TASK DESCRIPTION: From the line that contains "BALENCIAGA中夾" through the last line of the data, copy everything exactly and nothing else, omitting the pictures.

+++ DATASET EXCERPT +++

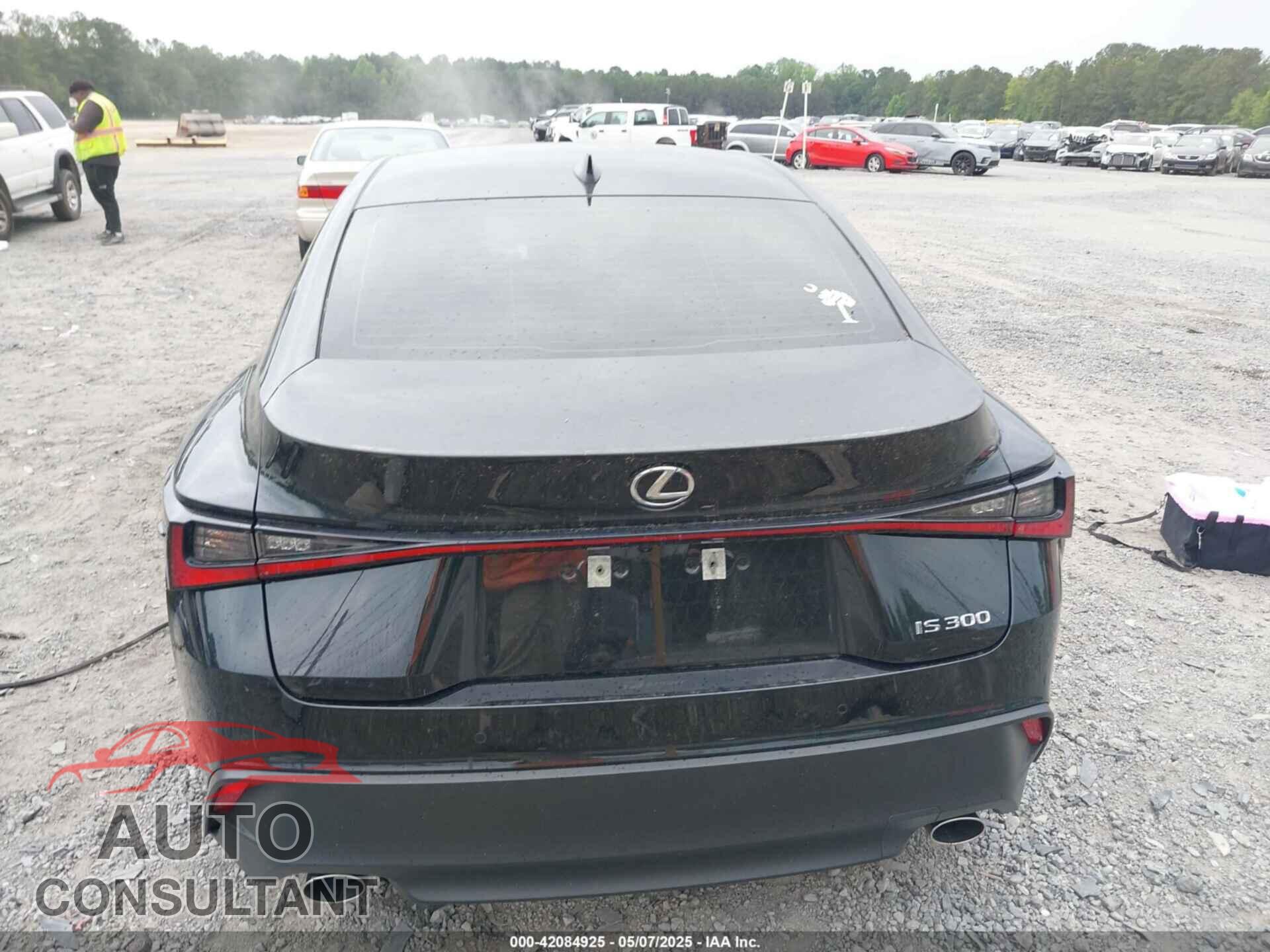 LEXUS IS 300 2024 - JTHCA1D29R5132121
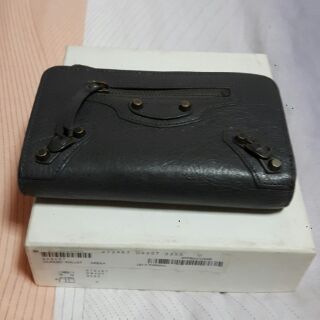BALENCIAGA中夾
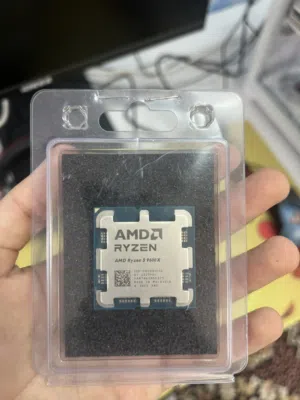 معالج AMD RYZEN 5 9600x TRAY جديد و ضمان سنة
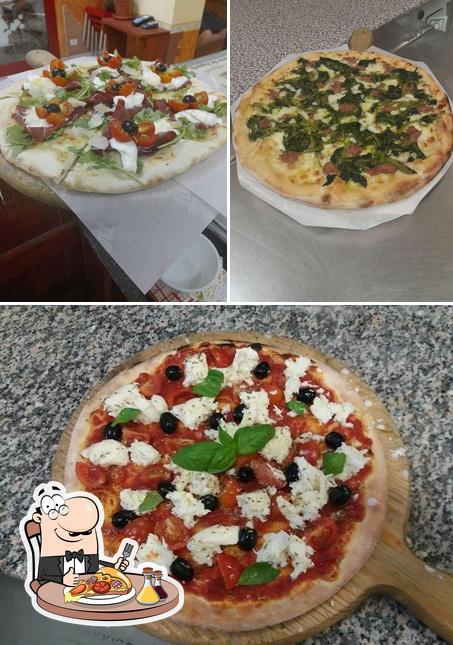 Prenditi una pizza a Pizzeria La Romagnola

+++

TASK RESULT:
BALENCIAGA中夾
 معالج AMD RYZEN 5 9600x TRAY جديد و ضمان سنة
 Prenditi una pizza a Pizzeria La Romagnola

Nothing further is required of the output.